***** DATASET CONTENT *****
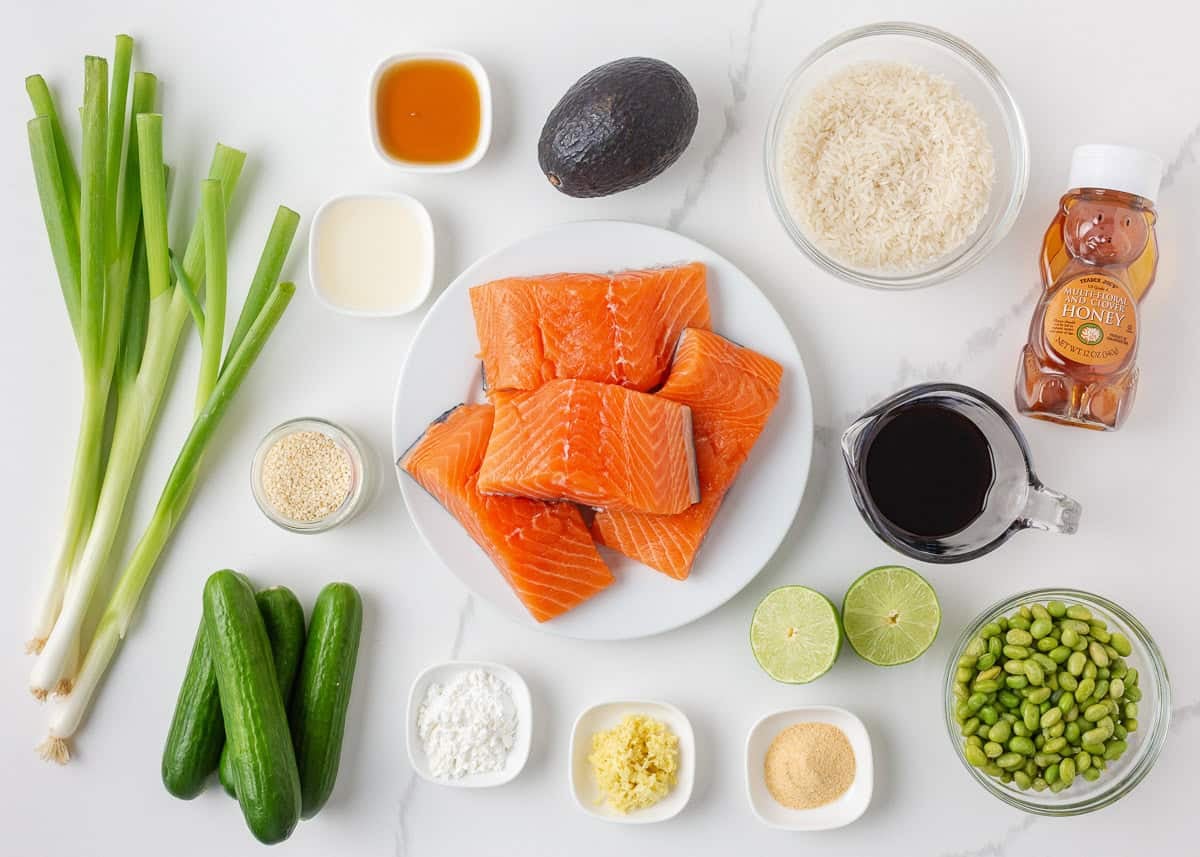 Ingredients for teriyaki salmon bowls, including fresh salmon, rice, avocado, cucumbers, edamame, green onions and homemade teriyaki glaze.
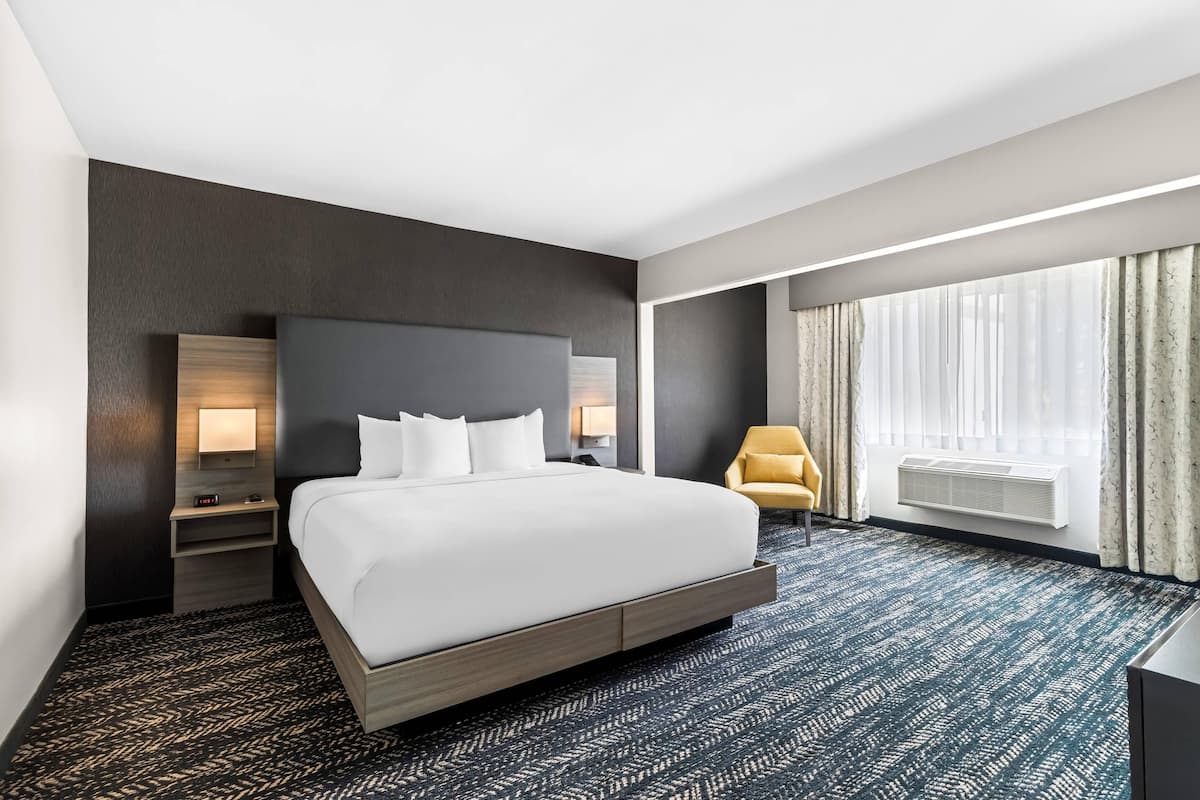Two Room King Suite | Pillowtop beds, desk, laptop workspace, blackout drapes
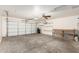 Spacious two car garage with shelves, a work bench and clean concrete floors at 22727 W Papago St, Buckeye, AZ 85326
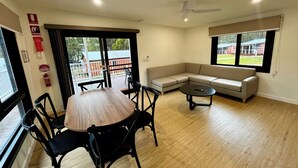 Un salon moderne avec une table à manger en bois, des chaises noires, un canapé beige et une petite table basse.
*****
■ WHAT THE TASK ASKS ■
With all pictures left out, please transcribe exactly the lines from the start of the material through the line with "Two Room King".

■ TASK ANSWER ■
 Ingredients for teriyaki salmon bowls, including fresh salmon, rice, avocado, cucumbers, edamame, green onions and homemade teriyaki glaze.
Two Room King Suite | Pillowtop beds, desk, laptop workspace, blackout drapes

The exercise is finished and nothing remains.